----- EXTRACTED DATA -----

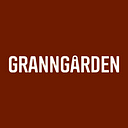 Granngården AB logo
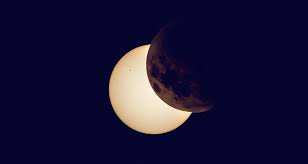Do you know the secrets of sewing? 10 Questions About The Solar Eclipse Answered Farmers Almanac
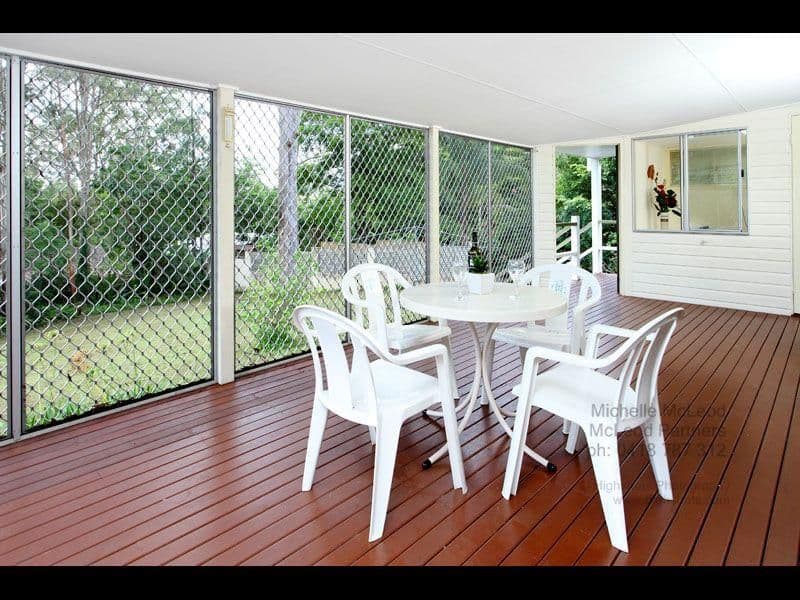 22 Kenmore Road, KENMORE QLD 4069, Kenmore - Thumbnail 7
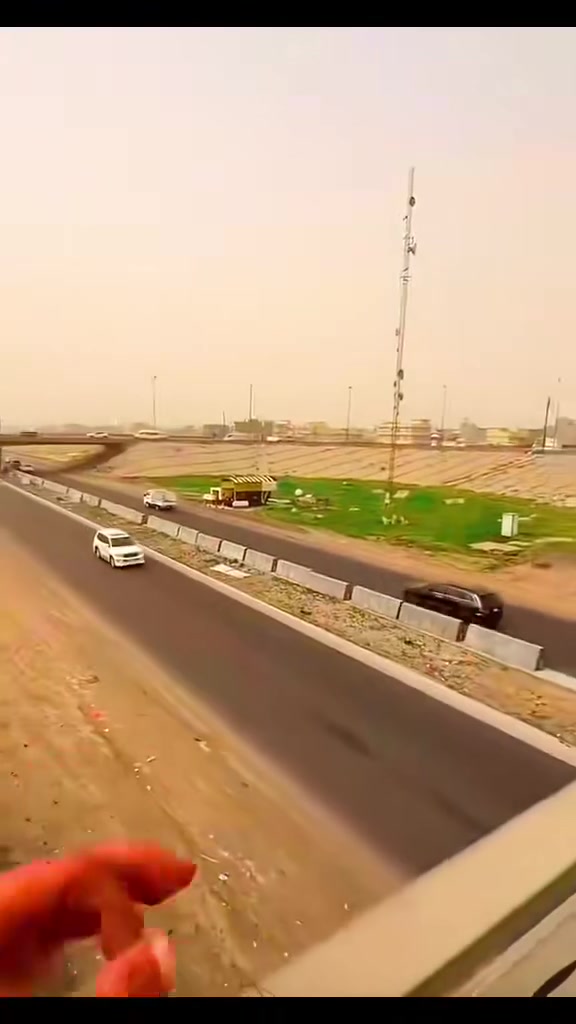 الباشا للعقار***********

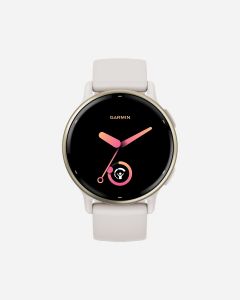 Garmin Vivoactive 5 - Orologio Multifunzione
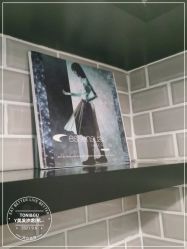 -Fr美发沙龙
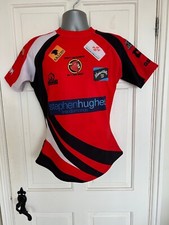 Rhino wales air for sale  BRIDGEND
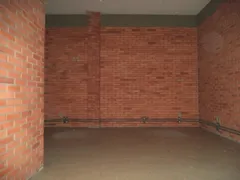 Loja / Salão / Ponto Comercial para alugar, 30m² no De Lazzer, Caxias do Sul - Foto 5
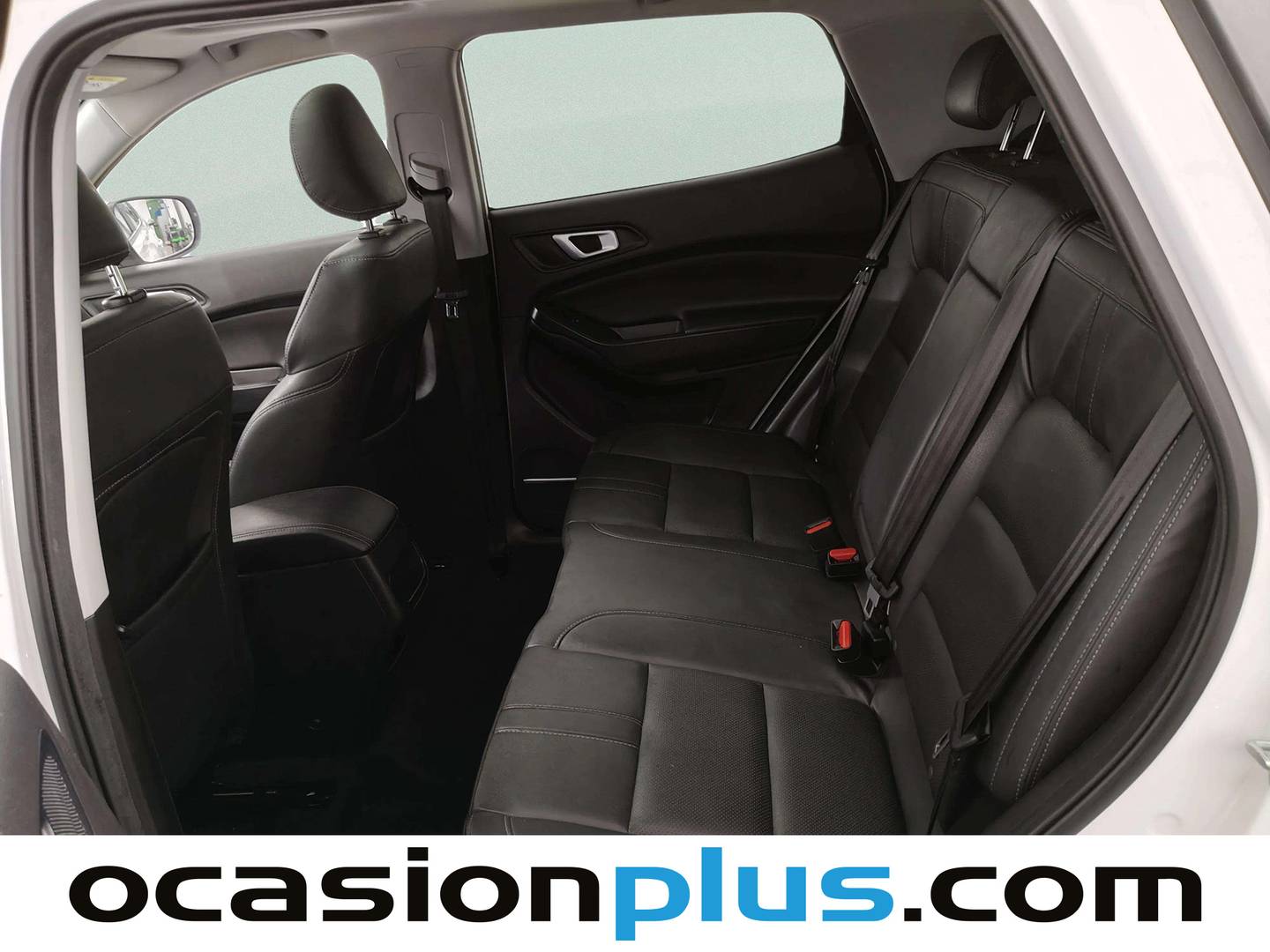 Foto DR AUTOMOBILES DR 4.0 DR AUTOMOBILES DR4 1.5  (116 CV)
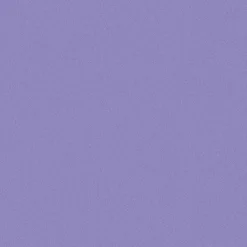 Winsor & Newton Promarker - - Metallic Violet > Markery, Brushpeny I Pisaki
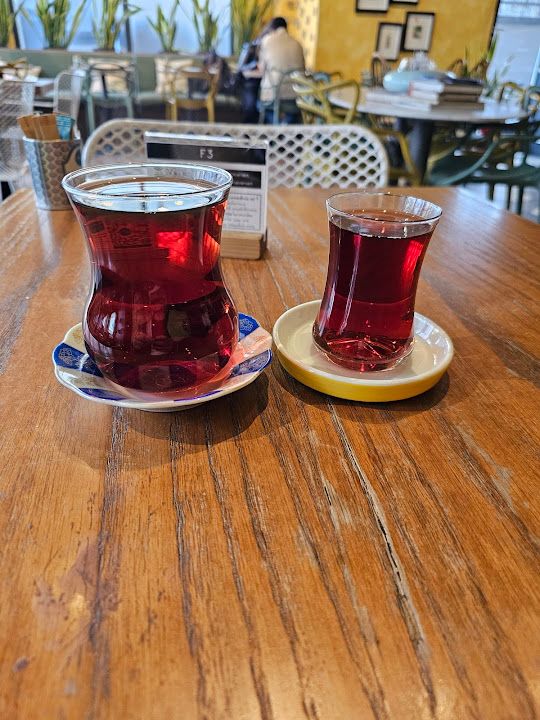 Fotoğraf 39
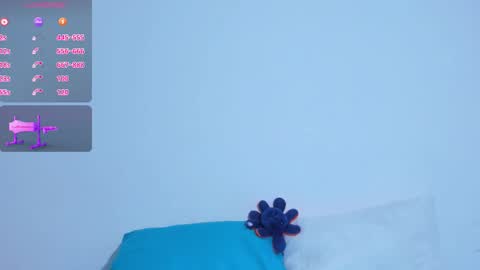 Kim  online show from February 2026 07:51:01 AM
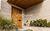 Casa, 5 quartos, 590 m² - Foto 2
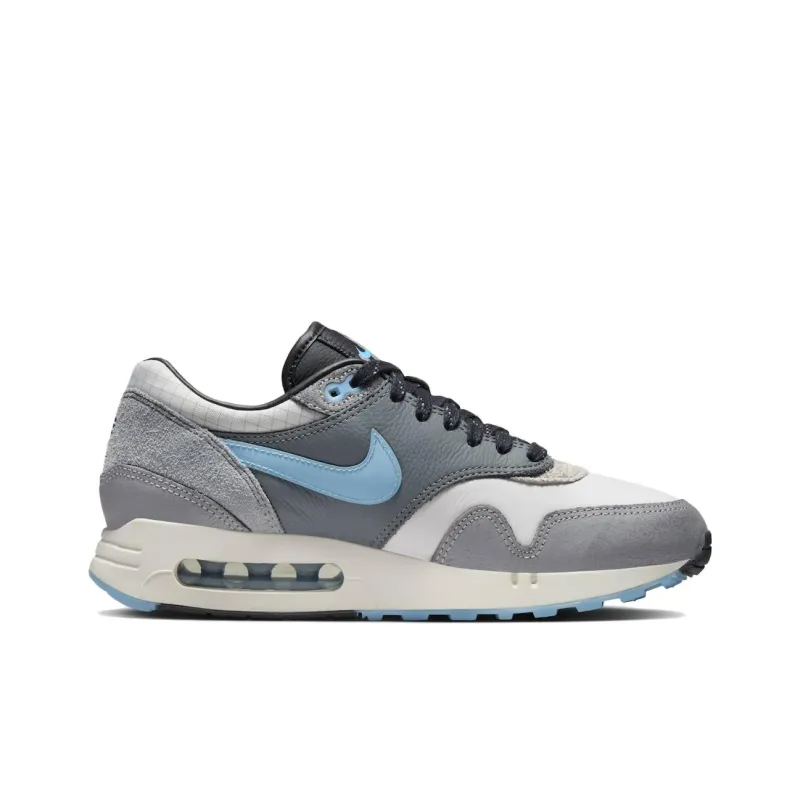 Air Max 1 ’86 ‘chicago’ – Fq8742-100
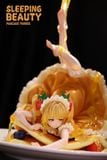  Pancake Fairies Honey Butter & Choco Berry - WeArtDoing Studio 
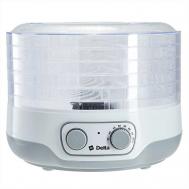 Сушилка для овощей  и фруктов DL-6890 Delta
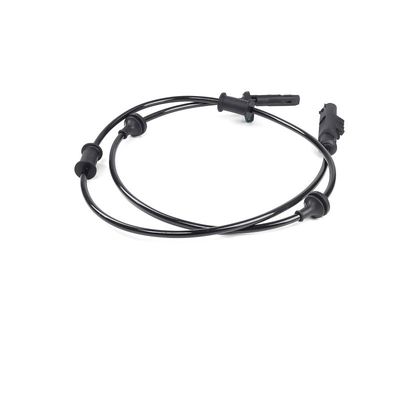 SENZOR TURATIE ROATA DELPHI SS2130612B1 17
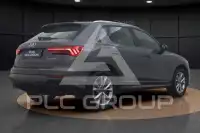 2024 Audi Q3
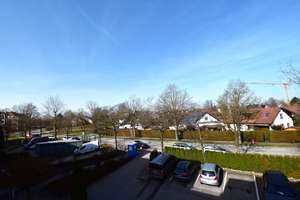 Property thumbnail 25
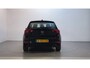Volkswagen Polo 1.0 TSI Life Business Stoelverarming Navigatie App-Connect DAB+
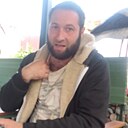 Дима, 42 года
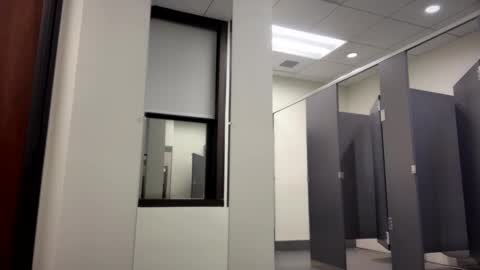 First Time College Boy online show from 10, 1, 2025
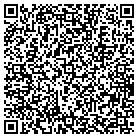 QR code with The Enchanted Door Inc contacts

-----

Pictures aside, retype the material exactly.

## PROBLEM SOLUTION
 Granngården AB logo
Do you know the secrets of sewing? 10 Questions About The Solar Eclipse Answered Farmers Almanac
 22 Kenmore Road, KENMORE QLD 4069, Kenmore - Thumbnail 7
 الباشا للعقار***********

 Garmin Vivoactive 5 - Orologio Multifunzione
 -Fr美发沙龙
 Rhino wales air for sale  BRIDGEND
 Loja / Salão / Ponto Comercial para alugar, 30m² no De Lazzer, Caxias do Sul - Foto 5
 Foto DR AUTOMOBILES DR 4.0 DR AUTOMOBILES DR4 1.5  (116 CV)
 Winsor & Newton Promarker - - Metallic Violet > Markery, Brushpeny I Pisaki
 Fotoğraf 39
 Kim  online show from February 2026 07:51:01 AM
 Casa, 5 quartos, 590 m² - Foto 2
 Air Max 1 ’86 ‘chicago’ – Fq8742-100
  Pancake Fairies Honey Butter & Choco Berry - WeArtDoing Studio 
 Сушилка для овощей  и фруктов DL-6890 Delta
 SENZOR TURATIE ROATA DELPHI SS2130612B1 17
 2024 Audi Q3
 Property thumbnail 25
Volkswagen Polo 1.0 TSI Life Business Stoelverarming Navigatie App-Connect DAB+
 Дима, 42 года
 First Time College Boy online show from 10, 1, 2025
 QR code with The Enchanted Door Inc contacts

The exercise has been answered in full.